<<<<
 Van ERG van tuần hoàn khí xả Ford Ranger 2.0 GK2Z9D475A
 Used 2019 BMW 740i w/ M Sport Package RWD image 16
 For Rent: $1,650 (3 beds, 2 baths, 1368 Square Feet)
>>>>
Set down exactly, and only, the lines of the data above from the line containing "Used 2019 BMW" through the last one.

 Used 2019 BMW 740i w/ M Sport Package RWD image 16
 For Rent: $1,650 (3 beds, 2 baths, 1368 Square Feet)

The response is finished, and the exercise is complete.